Phase B.3 of real-artifact-driven development. This crate implements the VAE decoder (Phase B.3a) and the UNet2DConditionModel (Phase B.3b) of runwayml/stable-diffusion-v1-5. The encoder, the CLIP text encoder, and the scheduler are out of scope and tracked under follow-up dispatches.

§VAE decoder

Mirrors vae/config.json — VaeDecoder inverts a latent [B, 4, 64, 64] into an image [B, 3, 512, 512]. See vae.

§UNet2DConditionModel

Mirrors unet/config.json — UNet2DConditionModel consumes (noisy_latent [B, 4, 64, 64], timestep [B], text_embed [B, S, 768]) and returns predicted noise [B, 4, 64, 64]. See unet.

ResnetBlock2DTime (UNet flavour with time bias):

h = silu(norm1(x)); h = conv1(h)
t = silu(temb); h = h + Linear(t).view(B, out, 1, 1)
h = silu(norm2(h)); h = conv2(h)
out = h + (x if in==out else conv_shortcut(x))

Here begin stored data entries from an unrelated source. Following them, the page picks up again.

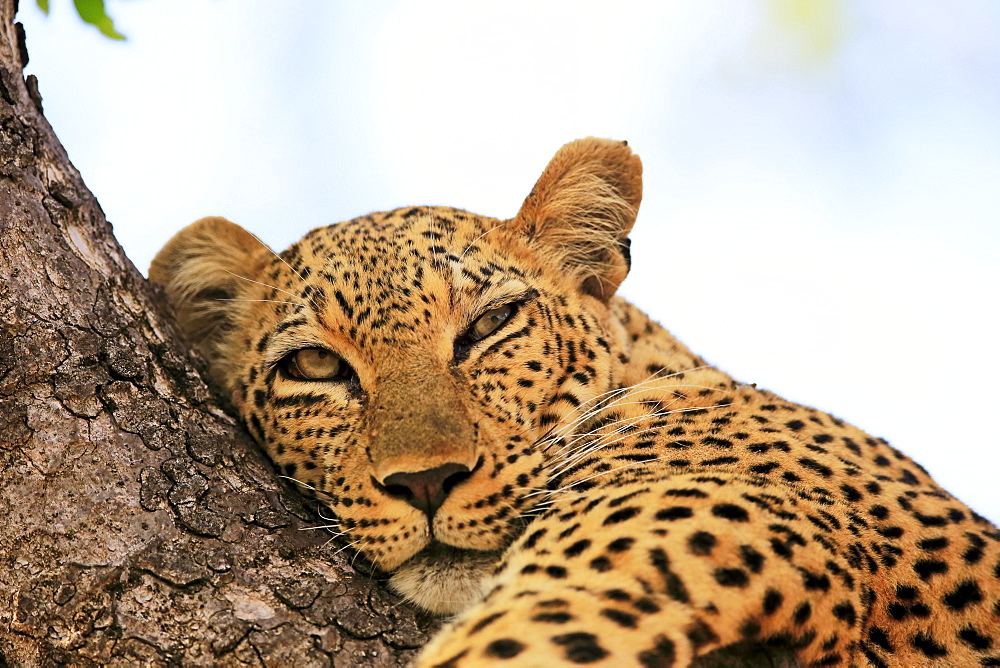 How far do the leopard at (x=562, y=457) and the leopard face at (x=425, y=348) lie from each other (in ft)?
0.04

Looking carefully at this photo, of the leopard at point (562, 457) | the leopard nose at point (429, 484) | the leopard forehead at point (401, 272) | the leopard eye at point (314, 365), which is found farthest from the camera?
the leopard eye at point (314, 365)

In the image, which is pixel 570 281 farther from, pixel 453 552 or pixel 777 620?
pixel 777 620

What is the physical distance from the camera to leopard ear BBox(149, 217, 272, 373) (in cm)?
620

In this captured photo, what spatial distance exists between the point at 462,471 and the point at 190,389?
1381 mm

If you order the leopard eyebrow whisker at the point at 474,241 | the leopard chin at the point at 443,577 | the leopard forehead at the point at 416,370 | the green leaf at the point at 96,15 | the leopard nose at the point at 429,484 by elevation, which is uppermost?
the green leaf at the point at 96,15

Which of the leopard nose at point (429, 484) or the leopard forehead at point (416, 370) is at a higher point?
the leopard forehead at point (416, 370)

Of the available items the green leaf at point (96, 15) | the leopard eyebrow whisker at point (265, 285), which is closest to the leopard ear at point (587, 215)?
the leopard eyebrow whisker at point (265, 285)

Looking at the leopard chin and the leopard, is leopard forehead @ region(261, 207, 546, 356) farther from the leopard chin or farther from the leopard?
the leopard chin

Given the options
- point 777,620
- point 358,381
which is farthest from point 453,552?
point 777,620

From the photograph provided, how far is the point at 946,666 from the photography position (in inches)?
170

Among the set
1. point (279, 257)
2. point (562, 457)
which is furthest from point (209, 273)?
point (562, 457)

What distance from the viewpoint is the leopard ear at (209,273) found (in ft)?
20.3

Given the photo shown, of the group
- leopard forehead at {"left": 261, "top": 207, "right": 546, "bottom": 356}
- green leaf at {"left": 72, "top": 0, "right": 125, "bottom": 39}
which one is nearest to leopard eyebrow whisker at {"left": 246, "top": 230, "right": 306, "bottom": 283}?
leopard forehead at {"left": 261, "top": 207, "right": 546, "bottom": 356}

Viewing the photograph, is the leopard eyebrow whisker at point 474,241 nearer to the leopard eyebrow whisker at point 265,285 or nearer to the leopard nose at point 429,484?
the leopard eyebrow whisker at point 265,285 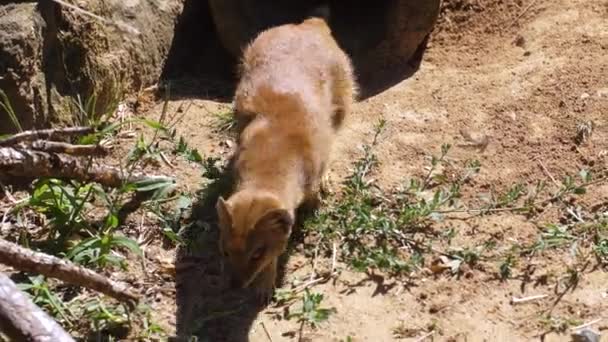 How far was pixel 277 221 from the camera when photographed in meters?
4.47

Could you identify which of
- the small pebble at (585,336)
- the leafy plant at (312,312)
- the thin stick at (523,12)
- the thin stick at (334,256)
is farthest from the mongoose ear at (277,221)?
the thin stick at (523,12)

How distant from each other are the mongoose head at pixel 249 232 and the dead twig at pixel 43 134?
2.86 feet

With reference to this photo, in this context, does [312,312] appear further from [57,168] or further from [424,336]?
[57,168]

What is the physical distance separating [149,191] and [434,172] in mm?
1609

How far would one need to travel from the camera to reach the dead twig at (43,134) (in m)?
4.53

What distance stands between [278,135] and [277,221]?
29.3 inches

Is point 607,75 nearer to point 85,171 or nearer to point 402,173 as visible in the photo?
point 402,173

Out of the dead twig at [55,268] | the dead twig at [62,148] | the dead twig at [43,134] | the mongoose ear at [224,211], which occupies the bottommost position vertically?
the dead twig at [55,268]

Transformer2DModel (SD UNet flavour):

h = GroupNorm(x); h = proj_in (Conv2d k=1, [B, inner, H, W])
h = flatten to [B, HW, inner]; for block in blocks: h = block(h, ehs)
h = reshape back; h = proj_out (Conv2d k=1); out = h + residual

Each BasicTransformerBlock is the canonical pre-LN (self-attn → cross-attn → GEGLU FF) stack.

Re-exports§

pub use attention::Attention;
pub use attention::BasicTransformerBlock;
pub use attention::FeedForward;
pub use attention::Transformer2DModel;
pub use blocks::AttnBlock2D;
pub use blocks::DownEncoderBlock2D;
pub use blocks::Downsample2D;
pub use blocks::ResnetBlock2D;
pub use blocks::UNetMidBlock2D;
pub use blocks::UpDecoderBlock2D;
pub use blocks::Upsample2D;
pub use clip_text_encoder::ClipEncoder;
pub use clip_text_encoder::ClipEncoderLayer;
pub use clip_text_encoder::ClipMlp;
pub use clip_text_encoder::ClipSelfAttention;
pub use clip_text_encoder::ClipTextConfig;
pub use clip_text_encoder::ClipTextEmbeddings;
pub use clip_text_encoder::ClipTextEncoder;
pub use config::VaeDecoderConfig;
pub use pipeline::PipelineStepDump;
pub use pipeline::StableDiffusionPipeline;
pub use resnet_block_time::ResnetBlock2DTime;
pub use safetensors_loader::DropReport;
pub use safetensors_loader::load_clip_text_encoder;
pub use safetensors_loader::load_unet;
pub use safetensors_loader::load_vae_decoder;
pub use safetensors_loader::load_vae_encoder;
pub use scheduler::BetaSchedule;
pub use scheduler::DDIMConfig;
pub use scheduler::DDIMScheduler;
pub use scheduler::PredictionType;
pub use scheduler::TimestepSpacing;
pub use time_embedding::TimestepEmbedding;
pub use time_embedding::Timesteps;
pub use unet::AnyDownBlock;
pub use unet::AnyUpBlock;
pub use unet::CrossAttnDownBlock2D;
pub use unet::CrossAttnUpBlock2D;
pub use unet::DownBlock2D;
pub use unet::UNet2DConditionModel;
pub use unet::UNetMidBlock2DCrossAttn;
pub use unet::UpBlock2D;
pub use unet_config::UNet2DConditionConfig;
pub use vae::Decoder;
pub use vae::VaeDecoder;
pub use vae_encoder::DiagonalGaussianDistribution;
pub use vae_encoder::Encoder;
pub use vae_encoder::VaeEncoder;
pub use vae_encoder::VaeEncoderConfig;

Modules§

attention: Multi-head attention + the Transformer2DModel wrapper used by the SD UNet’s CrossAttn blocks.
blocks: Building blocks of the Stable-Diffusion VAE decoder.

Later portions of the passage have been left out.